No. 2451.Circuit Court of Appeals, Tenth Circuit.
May 5, 1942.
Page 174
Appeal from the District Court of the United States for the Northern District of Oklahoma; Royce H. Savage, Judge.
Suit by Charley Thompson against Joe Thompson and others, for partition of a restricted Cherokee Indian allotment wherein notice of pendency of suit was served on Superintendent for the Five Civilized Tribes. The United States of America removed the cause from state court to Federal District Court and intervened. From the judgment, the intervener appeals.
Affirmed.
Frank J. Dugan, of Washington, D.C. (Norman M. Littell, Asst. Atty.
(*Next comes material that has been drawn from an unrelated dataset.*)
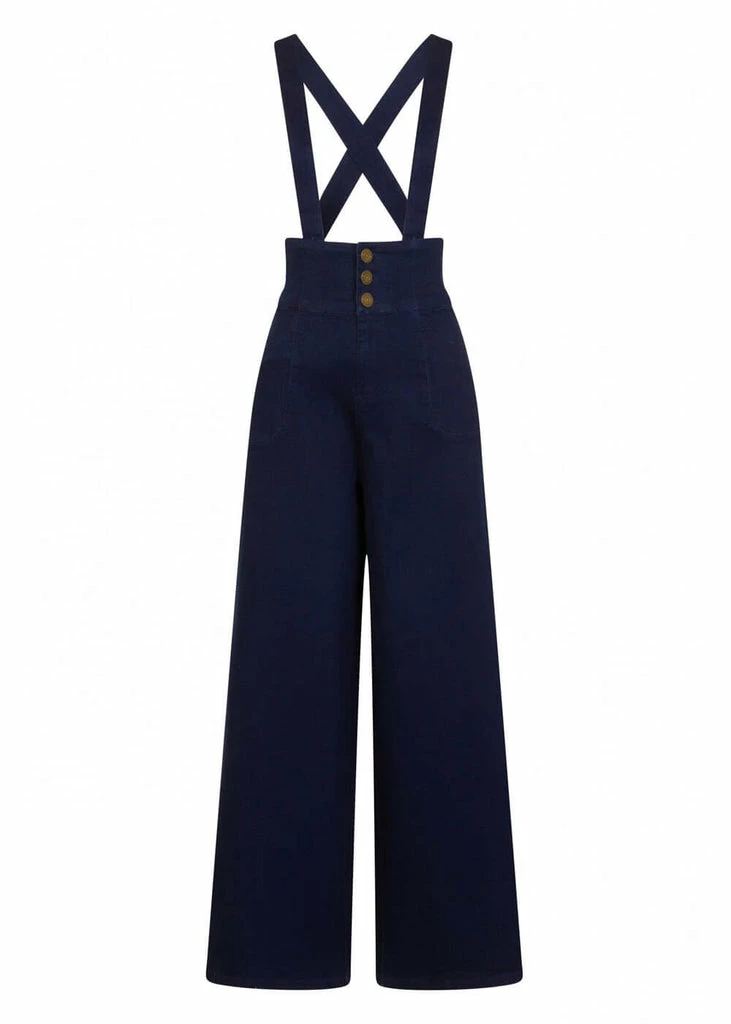 Collectif Freya 1940's Jeans Navy Colour 5 Collectif Freya 1940's Jeans Navy Colour - Image 5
Gen., and Vernon L. Wilkinson and Donald R. Marshall, Attys., Dept. of Justice, both of Washington, D.C., on the brief), for appellant.
John S. Severson, of Tulsa, Okla. (A. Lee Battenfield, of Pryor, Okla., on the brief), for appellees.
Before PHILLIPS, MURRAH, and WILLIAMS, Circuit Judges.
WILLIAMS, Circuit Judge, delivered the opinion of the court.
Whether the United States District Court for the Northern District of Oklahoma had jurisdiction of this case removed under Section 3[1] of Act of April 12, 1926, 44 Stat. 239, 240, where notice of pendency of the suit was not served “within ten days after the general appearance in the case of the party causing the notice to be issued” is raised.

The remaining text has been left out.